Толпа бросилась к Меропе, размахивая ножами и дубинами.
— Ну идите все к мамочке! Мамочка вас приласкает! — орала Меропа, орудуя мечом с поразительной ловкостью. Она успела умертвить пятерых, прежде чем людская волна отхлынула назад.
Горожане пустились в бегство. Обезумев от ужаса, они вопя и толкаясь бросились в сторону киммерийца. Вдруг одна из женщин с красными белками глаз и в лохмотьях, когда-то вполне приличного платья, заметила Конана.
Она остановилась и завизжала.
— Чужеземец! Это он виноват во всем!
Толпа угрожающе заворчала.
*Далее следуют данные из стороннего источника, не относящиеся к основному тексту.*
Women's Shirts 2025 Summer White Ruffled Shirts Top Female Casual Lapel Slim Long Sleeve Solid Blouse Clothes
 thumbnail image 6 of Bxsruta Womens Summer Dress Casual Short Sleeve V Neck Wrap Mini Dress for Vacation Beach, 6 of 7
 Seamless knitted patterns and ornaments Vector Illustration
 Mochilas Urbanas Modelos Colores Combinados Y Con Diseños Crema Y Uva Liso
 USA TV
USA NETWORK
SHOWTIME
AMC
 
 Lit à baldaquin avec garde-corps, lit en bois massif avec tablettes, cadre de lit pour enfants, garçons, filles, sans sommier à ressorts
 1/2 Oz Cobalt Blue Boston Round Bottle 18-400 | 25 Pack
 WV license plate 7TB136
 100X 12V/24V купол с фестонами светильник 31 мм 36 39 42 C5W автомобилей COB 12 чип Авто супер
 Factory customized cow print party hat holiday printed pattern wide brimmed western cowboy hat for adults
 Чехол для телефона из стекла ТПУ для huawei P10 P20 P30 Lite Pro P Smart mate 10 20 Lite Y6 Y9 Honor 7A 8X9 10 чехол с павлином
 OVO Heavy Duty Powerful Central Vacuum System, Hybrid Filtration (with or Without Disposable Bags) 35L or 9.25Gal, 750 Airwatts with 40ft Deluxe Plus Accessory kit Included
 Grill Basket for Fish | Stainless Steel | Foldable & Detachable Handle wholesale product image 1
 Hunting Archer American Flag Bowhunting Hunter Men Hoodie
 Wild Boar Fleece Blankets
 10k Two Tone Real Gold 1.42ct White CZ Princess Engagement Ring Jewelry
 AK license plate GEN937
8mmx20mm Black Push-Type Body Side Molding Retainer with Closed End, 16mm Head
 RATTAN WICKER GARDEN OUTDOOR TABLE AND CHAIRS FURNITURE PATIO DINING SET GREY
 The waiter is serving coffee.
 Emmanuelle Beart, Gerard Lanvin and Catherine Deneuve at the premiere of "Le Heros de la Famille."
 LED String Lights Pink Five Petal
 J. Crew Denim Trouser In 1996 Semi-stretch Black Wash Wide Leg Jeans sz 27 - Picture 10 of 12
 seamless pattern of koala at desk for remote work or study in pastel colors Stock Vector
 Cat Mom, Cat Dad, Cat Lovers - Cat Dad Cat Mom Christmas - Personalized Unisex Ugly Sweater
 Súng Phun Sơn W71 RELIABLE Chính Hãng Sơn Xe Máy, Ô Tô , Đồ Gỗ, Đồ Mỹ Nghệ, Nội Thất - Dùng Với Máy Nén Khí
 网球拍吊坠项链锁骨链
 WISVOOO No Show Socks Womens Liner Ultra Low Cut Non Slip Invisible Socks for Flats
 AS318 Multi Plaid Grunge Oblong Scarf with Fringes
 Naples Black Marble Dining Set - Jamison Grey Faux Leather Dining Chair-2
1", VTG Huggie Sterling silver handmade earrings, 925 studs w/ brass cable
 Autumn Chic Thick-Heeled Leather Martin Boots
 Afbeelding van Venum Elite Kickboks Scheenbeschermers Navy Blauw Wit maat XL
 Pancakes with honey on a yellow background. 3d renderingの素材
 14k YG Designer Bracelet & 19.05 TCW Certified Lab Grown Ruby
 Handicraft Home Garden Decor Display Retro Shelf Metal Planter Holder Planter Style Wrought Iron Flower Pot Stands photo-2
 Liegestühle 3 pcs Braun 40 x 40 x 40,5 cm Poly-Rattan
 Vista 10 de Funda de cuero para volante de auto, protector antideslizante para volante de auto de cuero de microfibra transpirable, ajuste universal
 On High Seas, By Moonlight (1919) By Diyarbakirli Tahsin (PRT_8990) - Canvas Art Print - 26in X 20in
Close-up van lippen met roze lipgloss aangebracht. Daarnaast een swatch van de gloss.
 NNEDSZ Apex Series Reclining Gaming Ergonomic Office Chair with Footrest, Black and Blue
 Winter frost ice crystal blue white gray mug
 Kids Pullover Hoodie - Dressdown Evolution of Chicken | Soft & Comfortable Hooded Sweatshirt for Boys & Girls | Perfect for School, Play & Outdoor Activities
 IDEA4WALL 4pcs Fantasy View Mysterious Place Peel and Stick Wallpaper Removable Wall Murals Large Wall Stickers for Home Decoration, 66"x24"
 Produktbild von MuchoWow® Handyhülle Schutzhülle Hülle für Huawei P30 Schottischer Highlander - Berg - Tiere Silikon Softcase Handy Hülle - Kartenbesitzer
Появился некто на кого можно было свалить вину за все те ужасы, которые отныне их окружали.
Конан встал в боевую стойку и взял меч обеими руками.
— Идите сюда, дети Нергала, — прорычал он. — Идите сюда и вы увидите, как сражаются настоящие воины!
Поток обезумевших горожан захлестнул огромную фигуру варвара. Тому ничего не оставалось делать, как орудовать мечом направо и налево. Митра Солнцеликий, ему было совсем не по душе сражаться с безоружными, но выбирать не приходилось. Меч — неплохой аргумент в споре с разъяренной людской массой. Пусть он не может вразумить, но зато может остановить.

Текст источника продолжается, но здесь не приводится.